Short text fragments from websites:
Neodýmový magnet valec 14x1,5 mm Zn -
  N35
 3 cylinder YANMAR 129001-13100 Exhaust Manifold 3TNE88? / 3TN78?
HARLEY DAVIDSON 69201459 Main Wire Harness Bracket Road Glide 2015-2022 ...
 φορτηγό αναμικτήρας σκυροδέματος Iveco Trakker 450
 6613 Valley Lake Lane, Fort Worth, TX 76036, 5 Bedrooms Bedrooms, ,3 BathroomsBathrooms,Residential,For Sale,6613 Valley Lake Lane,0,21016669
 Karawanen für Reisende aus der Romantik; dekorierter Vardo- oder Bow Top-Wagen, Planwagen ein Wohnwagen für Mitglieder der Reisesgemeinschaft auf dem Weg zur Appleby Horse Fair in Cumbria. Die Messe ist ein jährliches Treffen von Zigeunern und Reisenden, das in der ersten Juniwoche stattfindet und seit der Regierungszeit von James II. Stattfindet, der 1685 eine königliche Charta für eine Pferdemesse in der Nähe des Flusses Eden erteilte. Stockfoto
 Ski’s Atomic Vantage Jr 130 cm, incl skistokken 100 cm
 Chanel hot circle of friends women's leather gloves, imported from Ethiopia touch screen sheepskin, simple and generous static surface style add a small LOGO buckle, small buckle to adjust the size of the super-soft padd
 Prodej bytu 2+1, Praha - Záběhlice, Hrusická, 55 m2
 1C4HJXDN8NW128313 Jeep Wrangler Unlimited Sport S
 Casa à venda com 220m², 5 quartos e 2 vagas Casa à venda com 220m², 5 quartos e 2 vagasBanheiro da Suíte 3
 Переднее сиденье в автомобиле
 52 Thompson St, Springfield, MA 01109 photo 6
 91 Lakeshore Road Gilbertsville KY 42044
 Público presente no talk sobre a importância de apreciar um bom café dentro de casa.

**PROBLEM DETAILS:**
Transcribe the entries exactly.

**RESPONSE:**
Neodýmový magnet valec 14x1,5 mm Zn -
  N35
 3 cylinder YANMAR 129001-13100 Exhaust Manifold 3TNE88? / 3TN78?
HARLEY DAVIDSON 69201459 Main Wire Harness Bracket Road Glide 2015-2022 ...
 φορτηγό αναμικτήρας σκυροδέματος Iveco Trakker 450
 6613 Valley Lake Lane, Fort Worth, TX 76036, 5 Bedrooms Bedrooms, ,3 BathroomsBathrooms,Residential,For Sale,6613 Valley Lake Lane,0,21016669
 Karawanen für Reisende aus der Romantik; dekorierter Vardo- oder Bow Top-Wagen, Planwagen ein Wohnwagen für Mitglieder der Reisesgemeinschaft auf dem Weg zur Appleby Horse Fair in Cumbria. Die Messe ist ein jährliches Treffen von Zigeunern und Reisenden, das in der ersten Juniwoche stattfindet und seit der Regierungszeit von James II. Stattfindet, der 1685 eine königliche Charta für eine Pferdemesse in der Nähe des Flusses Eden erteilte. Stockfoto
 Ski’s Atomic Vantage Jr 130 cm, incl skistokken 100 cm
 Chanel hot circle of friends women's leather gloves, imported from Ethiopia touch screen sheepskin, simple and generous static surface style add a small LOGO buckle, small buckle to adjust the size of the super-soft padd
 Prodej bytu 2+1, Praha - Záběhlice, Hrusická, 55 m2
 1C4HJXDN8NW128313 Jeep Wrangler Unlimited Sport S
 Casa à venda com 220m², 5 quartos e 2 vagas Casa à venda com 220m², 5 quartos e 2 vagasBanheiro da Suíte 3
 Переднее сиденье в автомобиле
 52 Thompson St, Springfield, MA 01109 photo 6
 91 Lakeshore Road Gilbertsville KY 42044
 Público presente no talk sobre a importância de apreciar um bom café dentro de casa.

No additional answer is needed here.